More potential “information” regarding the upcoming iPhone 5 backs up the things we’ve been hearing: an incremental update slated for a September launch. New talk to go with it suggests Apple is planning to sell a lot of iPhone 5s based on sales of the iPhone 4.
The information comes from a DigiTimes story that sites unnamed “upstream component makers” who work with notebook maker Pegatron Technology, a Taiwanese tech company that assembles iPhones for Apple. Pegatron also builds notebooks for several tech companies and assembles the PlayStation 3 for Sony.

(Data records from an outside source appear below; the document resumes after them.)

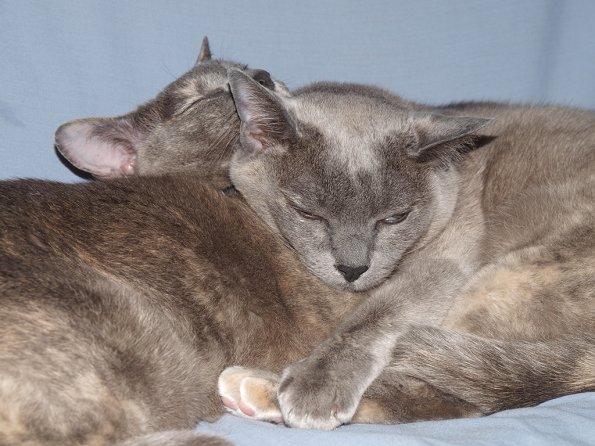 Lizzie & Rosa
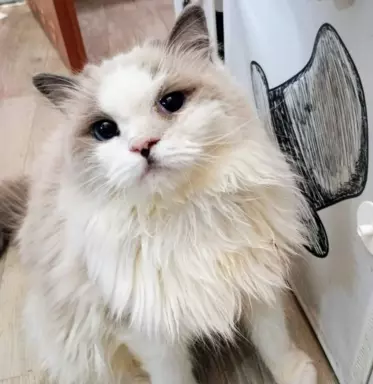 Puchowe kocięta rasy Ragdoll 10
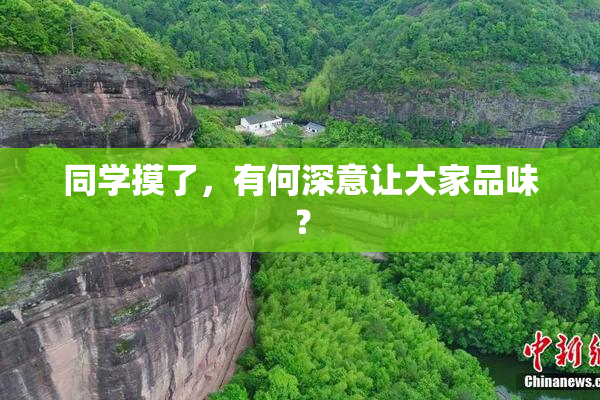 同学摸了，有何深意让大家品味？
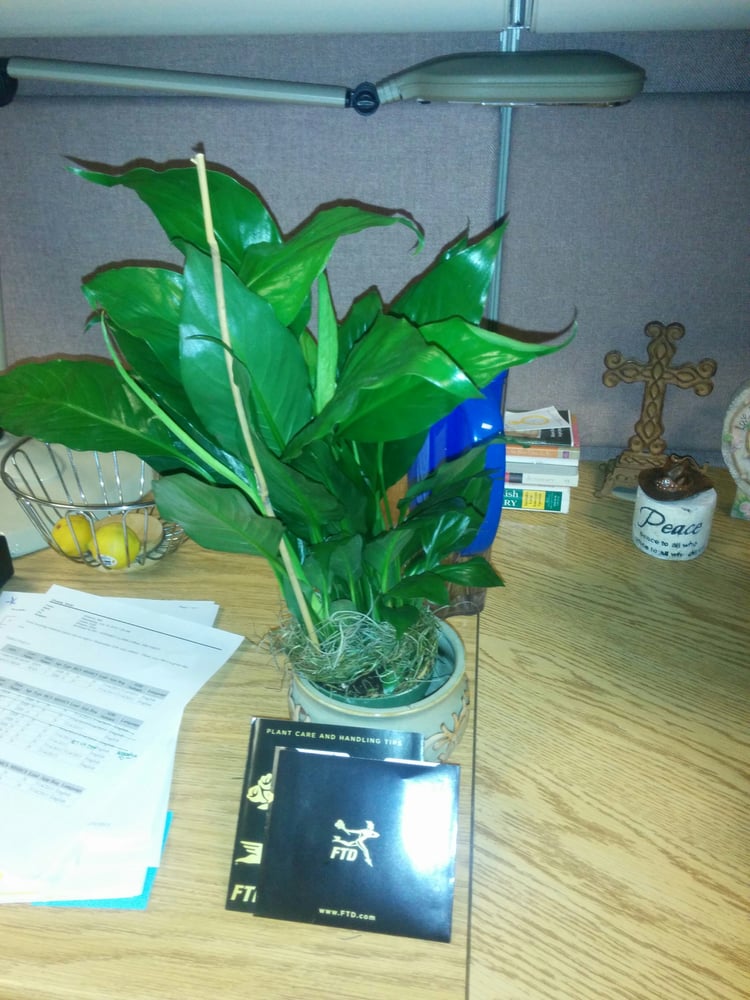 Lois P.'s Review of From You Flowers - New York (1/5) on Yelp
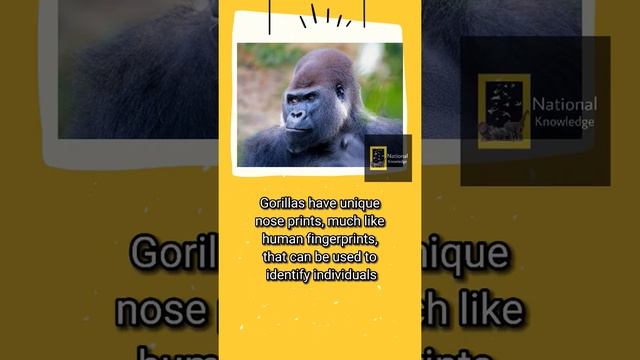 Gorillas 🦍 #gorilla #animal  #information #geography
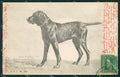 Hund Caccia dog cane postcard cartolina KS4992 – fronte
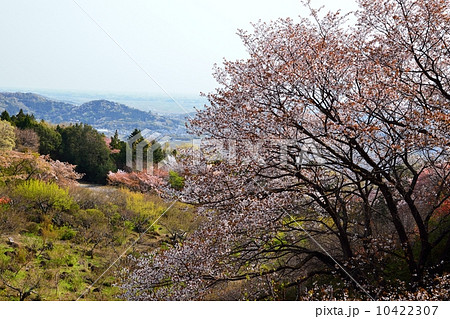 山桜 10422307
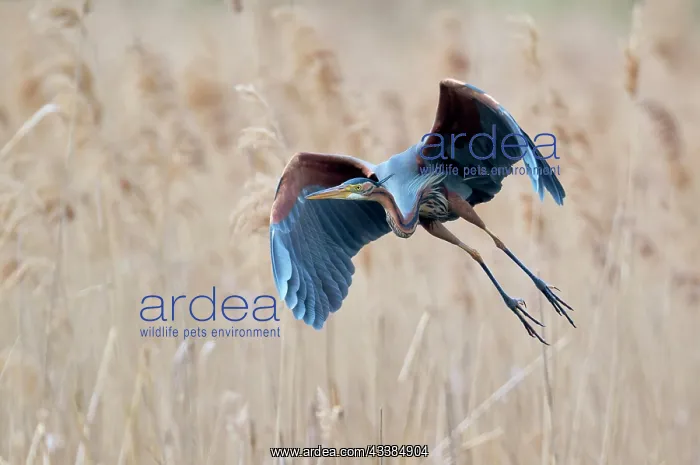 : Purple heron (Ardea purpurea) in flight, Baden-Warttemberg : Purple heron (Ardea purpurea) in flight, Baden-Warttemberg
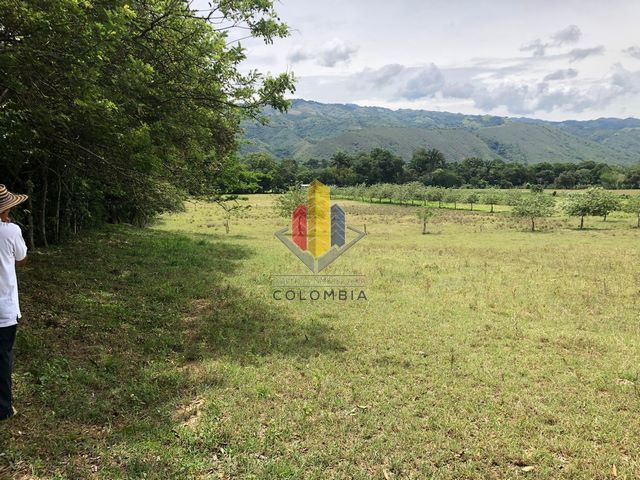 Finca en venta Tolima Valle De San Juan Valle De San Juan 560000 m2 Habitaciones 0 Baños 0 Garajes 0 Precio $1600000000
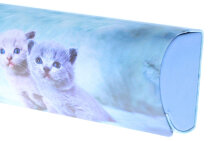 Handliches Hartschalen-Brillenetui "Cats" mit...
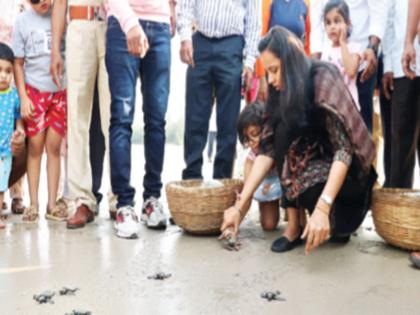 Diveagar became a tourist destination, the village of turtles, the visit of the Guardian Minister | दिवेआगर पर्यटनस्थळ बनले कासवांचे गाव, पालकमंत्र्यांची भेट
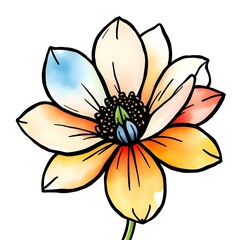 watercolor flower illustration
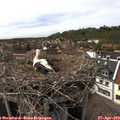15_50-nest.jpg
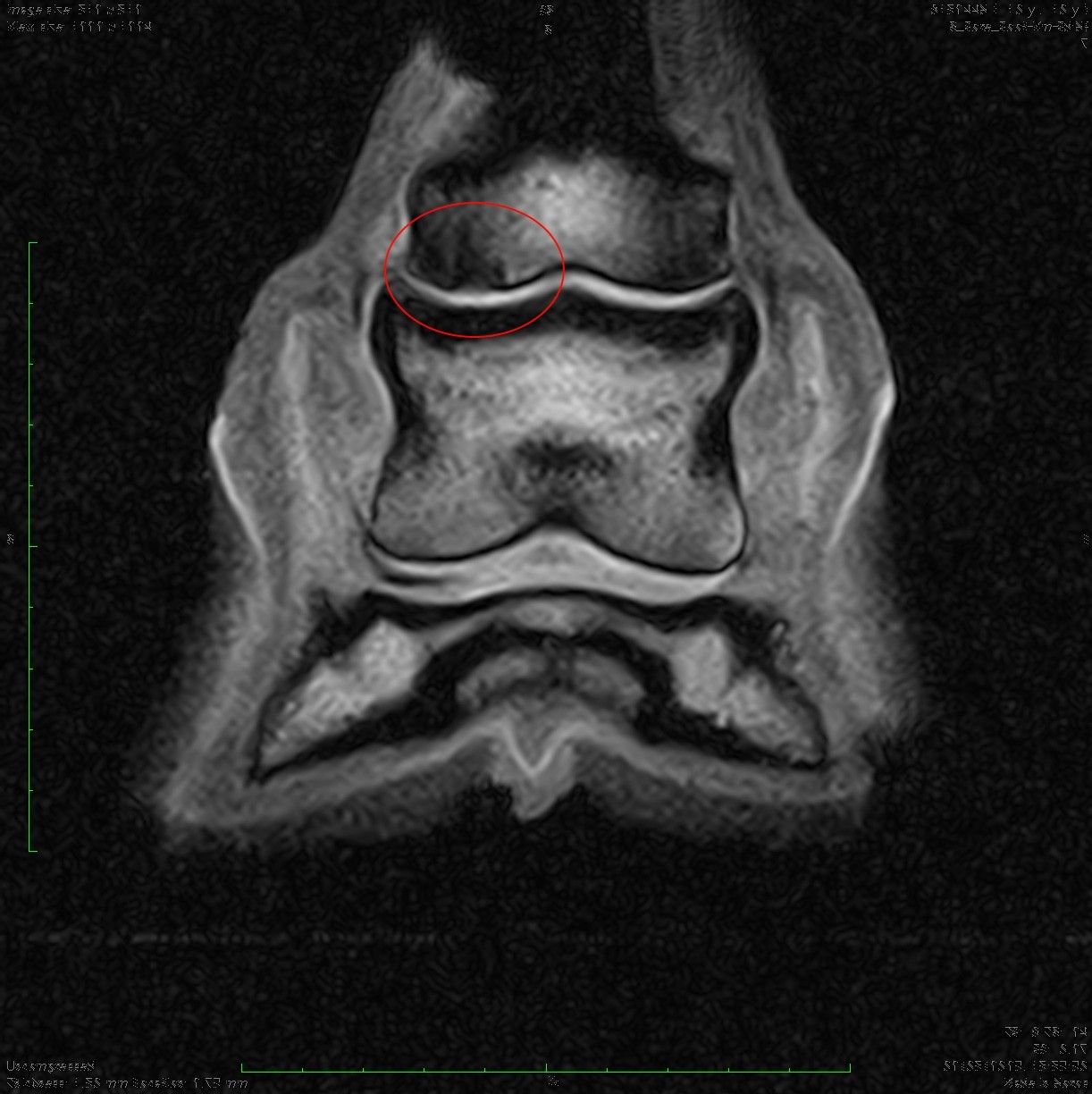 equine mri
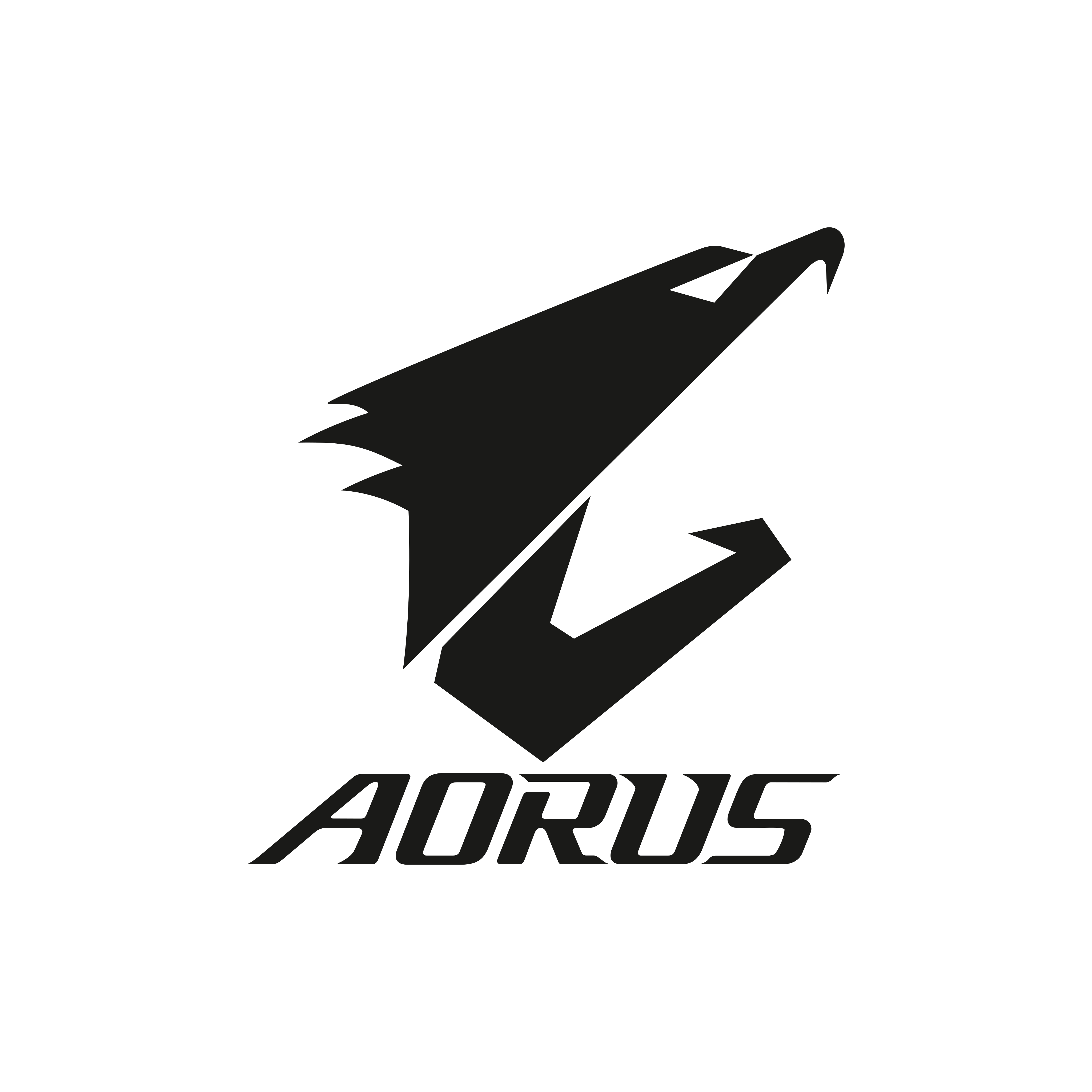 Aorus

Those upstream component makers supposedly say they’re already sending parts to Pegatron, which is in line with the rumored September release that pretty much everyone on the Internet is accepting as Apple’s overall plan. They also say that, based on the parts, the iPhone 5 won’t be a huge update from the iPhone 4. We’ve heard that it’ll mostly be the same phone, hardware design and internal technology, but the major improvement of including the A5 processor chip that Apple debuted with the iPad 2.
The sources also speculate that Pegatron has orders from Apple as high as 15 million, which is up significantly from the 10 million that Apple ordered in CDMA (Verizon) iPhone 4s earlier this year. Pegatron is in a good position to fulfill a lot of iPhone orders, as it expanded its plants and staffing in order to take on those CDMA iPhone orders. That’s good and bad, according to DigiTimes, because Pegatron only ended up shipping 4 million CDMA iPhones because of low demand for the device, which saw the “utilization rate drop to only 50 percent with its gross margin also drop to 1.8 percent in the quarter.”
While DigiTimes suggests the sales for the CDMA iPhone were lower than what was expected, Apple has moved a ton of iPhone 4s in general since it was launched a year ago. Back in April, Apple announced in its second quarter earnings report that it had sold 18.65 million iPhones in Q1 2011, which was the first quarter to also include sales of the Verizon iPhone. Those sales figures account for Apple supposedly upping its order numbers for the iPhone 5.
Pegatron and DigiTimes don’t have a firm date on the iPhone 5 yet, and obviously, the device remains unannounced by Apple. What this new rumor doesn’t back up, however, were the fast but unsubstantiated rumors of there being two iPhones coming in September – one the incremental update that DigiTimes’ sources refer to as the iPhone 5 but that others have referred to as the iPhone 4S, and the other a more powerful, more drastically updated device known as the iPhone 5.
That rumor came from a few financial analysts speculating that Apple could capture more of the global cell phone market by releasing an unlocked iPhone 4S for prepaid customers, but it doesn’t seem too likely that Apple is going to significantly deviate from its standard hardware roll-out by pushing out two new iPhones this fall.